I've noticed that my betta likes to bites on it's antenna and there was a time when my betta was bothering the snail. But today when I removed the snail from the glass my betta wasn't bothering it, but later the snail went right back up. And now he is hiding from behind the filter.

Is this normal? Is my snail shy? Or is it just hiding from the betta?
My tank is algae free. Should I worry about what he eats?
What else do they eat while the tank is out of algae?


----------



## RussellTheShihTzu (Mar 19, 2013)

To feed a Nerite put some rocks in a bowl of water and set in a window sill. When algae forms on the rocks, put into your tank.

Some of my Nerites spend a lot of time out of the water and others don't. But it could be yours is hungry and seeking food. They are very picky and very seldom (even when starving) will they eat algae wafers for vegetables.


----------



## ZoZoe (Jul 2, 2014)

Sorry to hijack,

But to do the rock-algae grow method, what kind of rocks are safe? Do they need to be pretreated in anyway? I'm assuming I can't just pick up a pretty one off the street? XD


----------



## Patong (Jul 9, 2013)

I have noticed that when I feed my crawfish Nori the olive nerite snails will actually crawl over and eat it while it's weighed down by a rock. They won't touch algae wafers but for some reason they will eat Nori! I discovered this by total accident when I spotted the crawfish picking them up and tossing them off of his food repeatedly O.O


----------



## RussellTheShihTzu (Mar 19, 2013)

Are you feeding Nori (seaweed) in a freshwater tank?
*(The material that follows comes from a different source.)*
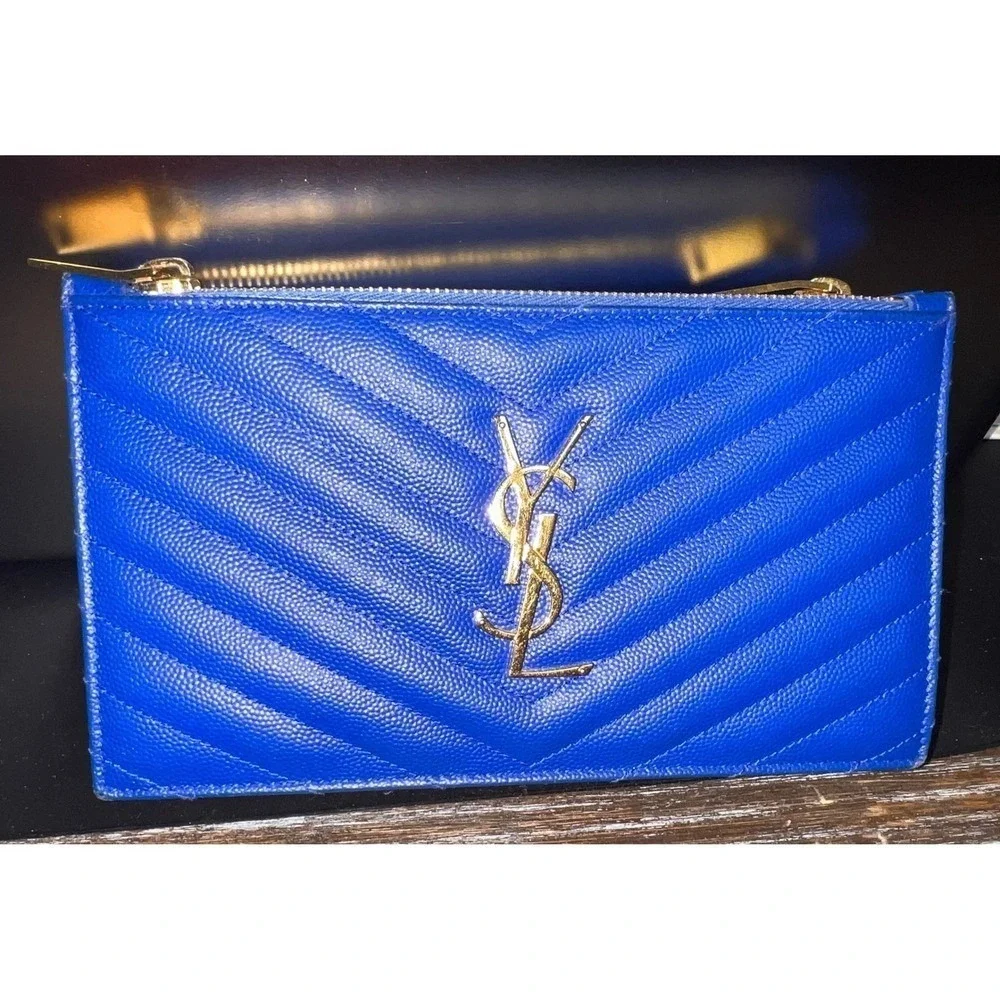 Yves Saint Laurent Cassandra Clutch Wallet Electric Blue Chevron Quilted Leather - Picture 13 of 16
I'd make another thread on how to tell if rocks are aquarium safe and how to make them that way. I don't know. :-(


----------



## 2muttz (Aug 16, 2013)

Hi Manami,

There is no such thing as too many questions.!!!

Is your tank filtered ~ or do you clean it out completely each week? Remember that there will be more for the nerite to eat in an "aged" tank than one that regularly gets cleaned and wiped. Your nerite might be eating diatoms ~ the invisible slime like stuff you can feel on your glass, décor, etc. Mine will sometimes even ignore algae and just keep at the diatoms, they seem to love it. If you regularly wipe your glass and décor clean, this won't be as available to him.

Surprisingly, most rocks that you can pick up outside are aquarium safe! I love rocks and wanted to use some of my collection when I first started aquarium keeping, so I did quite a bit of research on this issue.

It is important that any rock you put in with your fish and snail is "inert". One simple way to check for this is to put a few drops of vinegar on the rock. If it bubbles, the rock is not inert, and don't use it. If it lays flat like water, it should be fine. 

I boil all my rocks before using them, even ones that have been in the house for years. A few minutes should be fine, but I go overboard and boil them for at least 1/2 hour. I have a ceramic pot that I use just for that and nothing else.
Boiling will bring out any rust that may exist in a rock, indicating iron, also. Although I read that a lot of fishkeepers don't consider rust a problem, I discard anything I see with rust. It really doesn't happen often.

Of course, since you have a betta, you are concerned about smoothness, so keep that in mind. Probably the *** best *** rock are freshwater lake ones which are washed smooth. I'm lucky enough to live fairly close to Lake Michigan where I've gathered many smooth rocks in all colors over the years. You can probably buy similar ones at craft stores for much less $$$ than the pet stores charge if there's no rivers or lakes near you.

These are the precautions that I've taken with rocks, and it's always worked out fine for me. If you are uncomfortable with "wild" rocks, remember you can also grow your algae on aquarium plants and décor in the same way.

Good luck!


----------



## myexplodingcat (Apr 9, 2014)

Don't boil smooth rocks, though! They can explode from expanding steam inside the rock.


----------



## manami (Feb 4, 2012)

I confess I'm a little nervous of using a rock from my patio and/or my front house. We have dogs that do their business behind the house and in front where we have small to medium rocks on the ground...and we have lots of neighbours that have one or two dogs... 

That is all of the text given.